Thursday, March 24, 2016

The Effect-Size Puzzler

Effect sizes are bantered around as useful summaries of the data.  Most people think they are straightforward and obvious.  So if you think so, perhaps you won't mind a bit of a challenge?  Let's call it "The Effect-Size Puzzler," in homage to NPR's CarTalk.  I'll buy the first US winner a nice Mizzou sweatshirt (see here).  Standardized effect size please.

I have created a data set with 25 people each observing 50 trials in 2 conditions.  It's from a priming experiment.  It looks about like real data.  Here is the download.

The three columns are:

  • id (participant: 1...25)
  • cond (condition: 1,2)
  • rt (response time in seconds).  

There are a total of 2500 rows.

I think it will take you just a few moments to load it and tabulate your effect size for the condition effect.  Have fun.  Write your answer in a comment or write me an email.

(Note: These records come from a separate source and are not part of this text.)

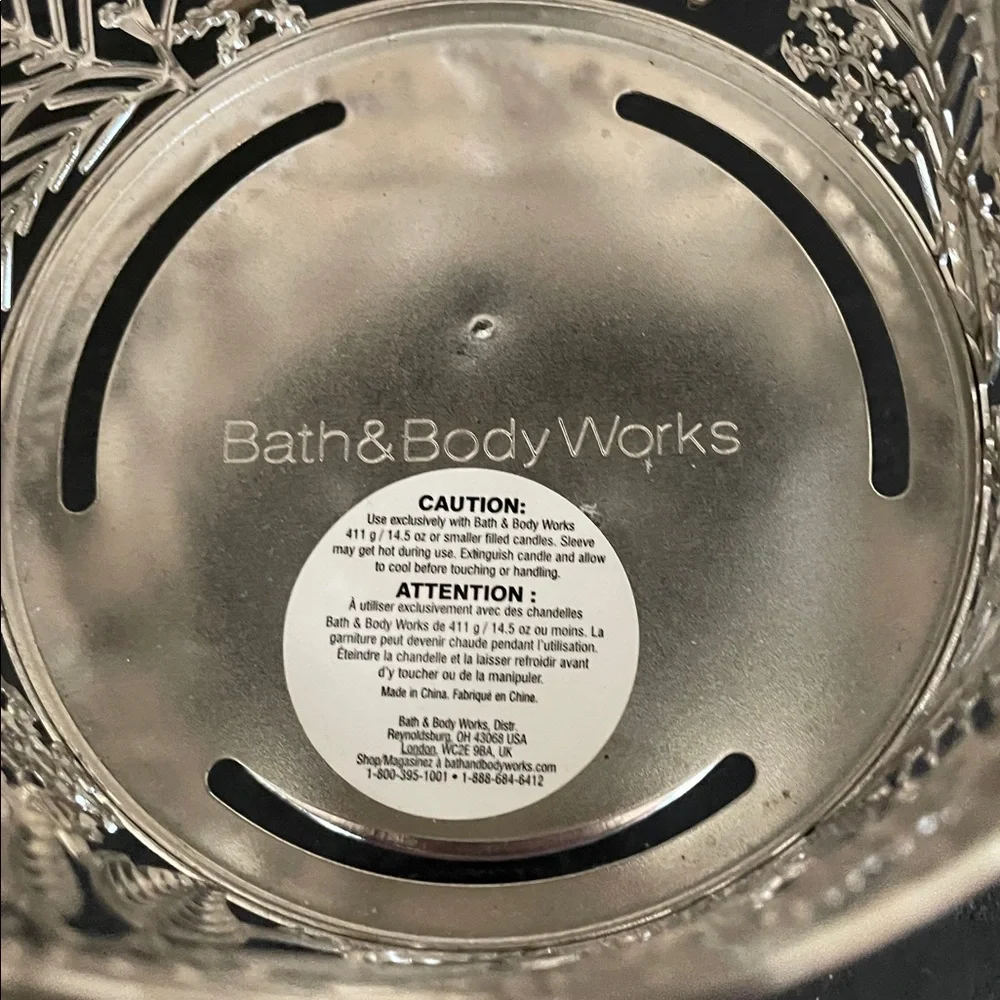 Bath & Body Works Silver Pedestal Leaf/Snowflake 3 Wick Candle Holder - Picture 2 of 2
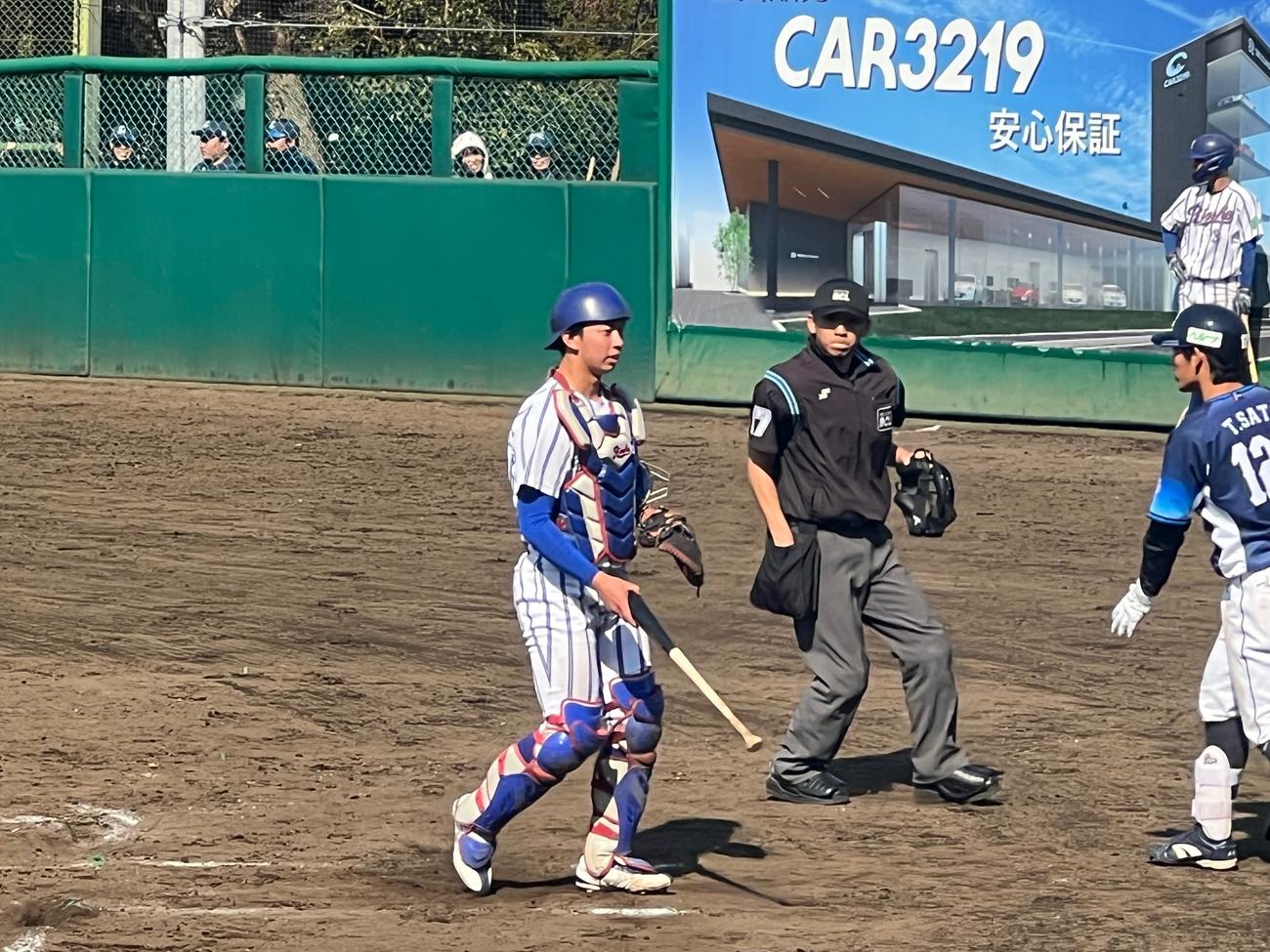 西武3軍との試合でマスクをかぶった立正大の新1年生、椎木卿五捕手（撮影・金子真仁）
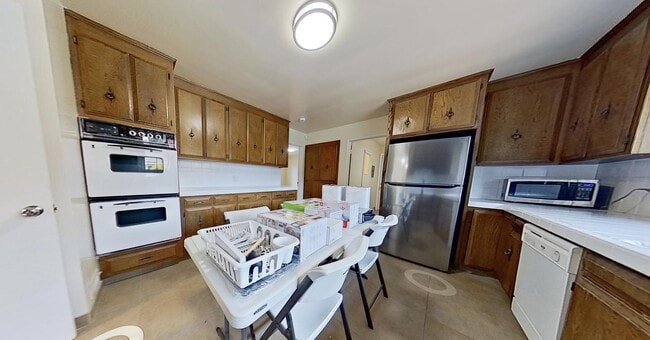 Building Photo - 22565 Norwood Dr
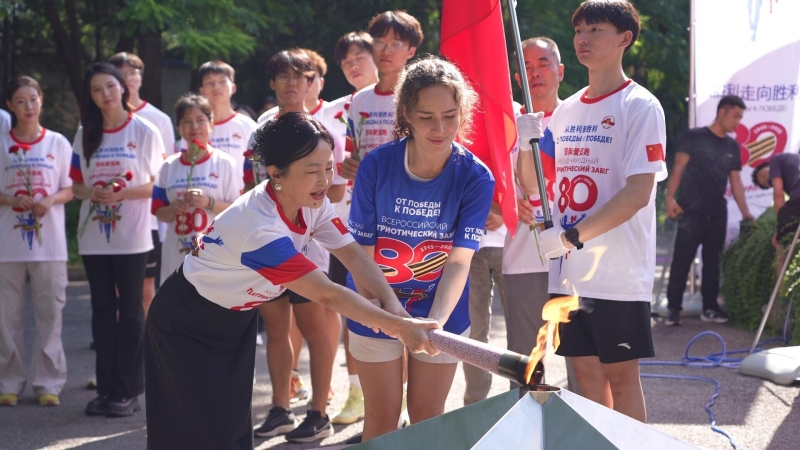 Участники патриотического забега доставили в Китай частицу Вечного огня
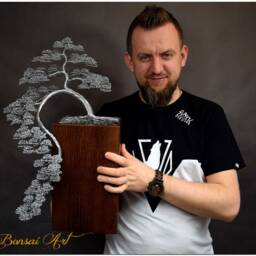 Large Metal Wire Bonsai Tree Sculpture Engraved Oak Base - thumbnail 3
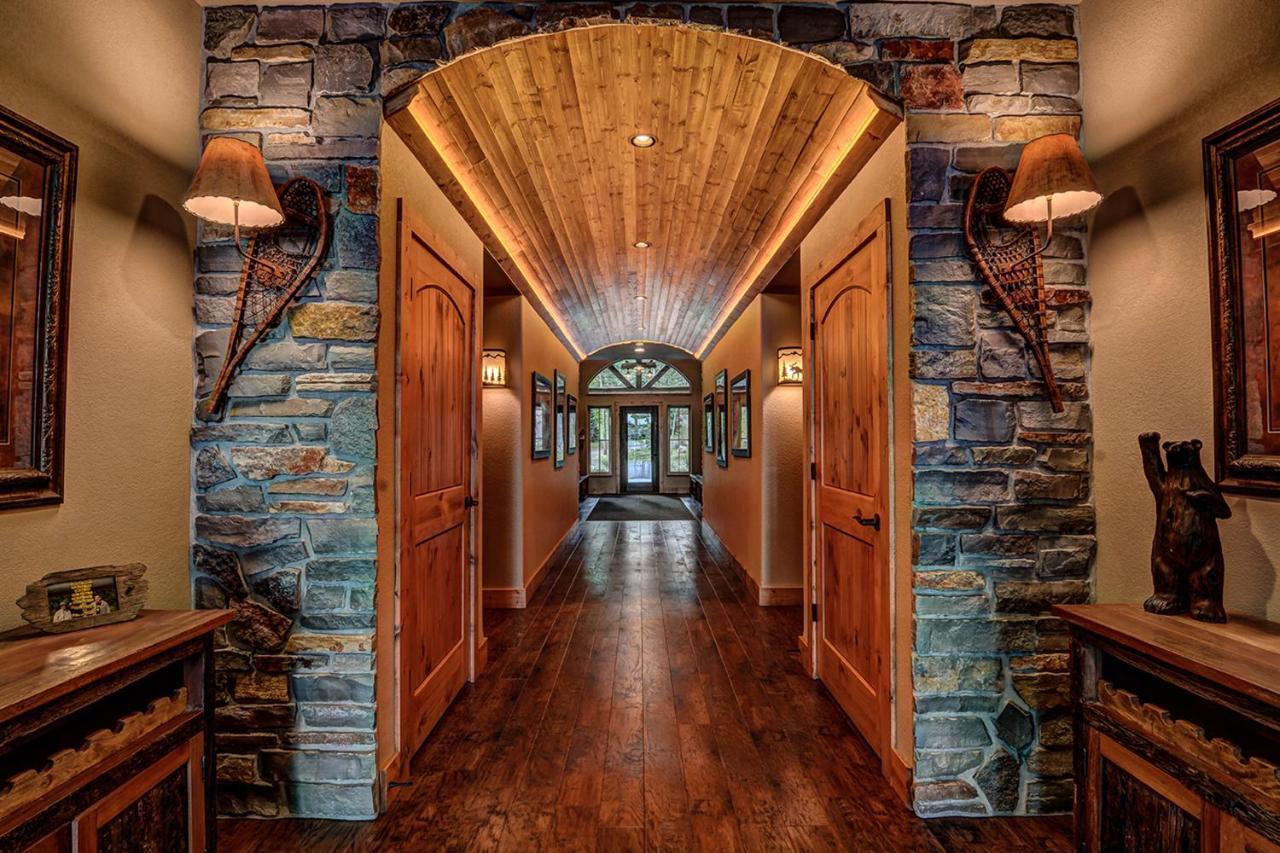 Whispering Pines Lodge: 9 Bedroom Игл-Ривер Экстерьер фото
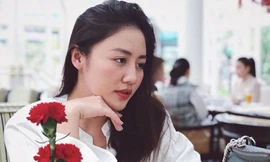 Văn Mai Hương bị giật túi xách khi đứng chờ bạn trước con hẻm nhỏ gần nhà.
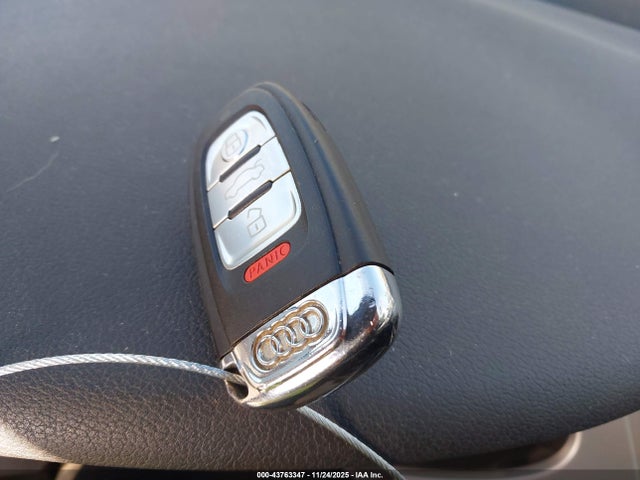 2009 AUDI A4 WAUSF78K39N010136 Photo 10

I'll provide the correct answer in a blog next week.

HINT: If you wish to get rid of the skew and stabilize the variances, try the transform y=log(rt-.3)


jeromyanglim said...

# import data
rlong <- effectSizePuzzler

# aggregate to person by condition stats
r2long <- aggregate(rt ~ cond + id, rlong, mean)

means <- sapply(split(r2long$rt, r2long$cond), mean)
sds <- sapply(split(r2long$rt, r2long$cond), sd)

# difference in means using sd based on poooled variance
es <- diff(means) / sqrt(mean(sds^2))

round(es, 2)

# Answer
# d = .84

Jake Westfall said...

I am aware of 4 different and generally non-equivalent ways that people might commonly compute even just a d-like effect size for this dataset. (Let alone all the possibilities for variance-explained-type measures!) I've actually been meaning to blog about this, so I guess it's time I finally do so.

I think standardized effect sizes are generally a bad idea for data summary and meta-analytic purposes, but can be useful if you want to do a power analysis or define reasonably informative priors, but don't have previous experimental data.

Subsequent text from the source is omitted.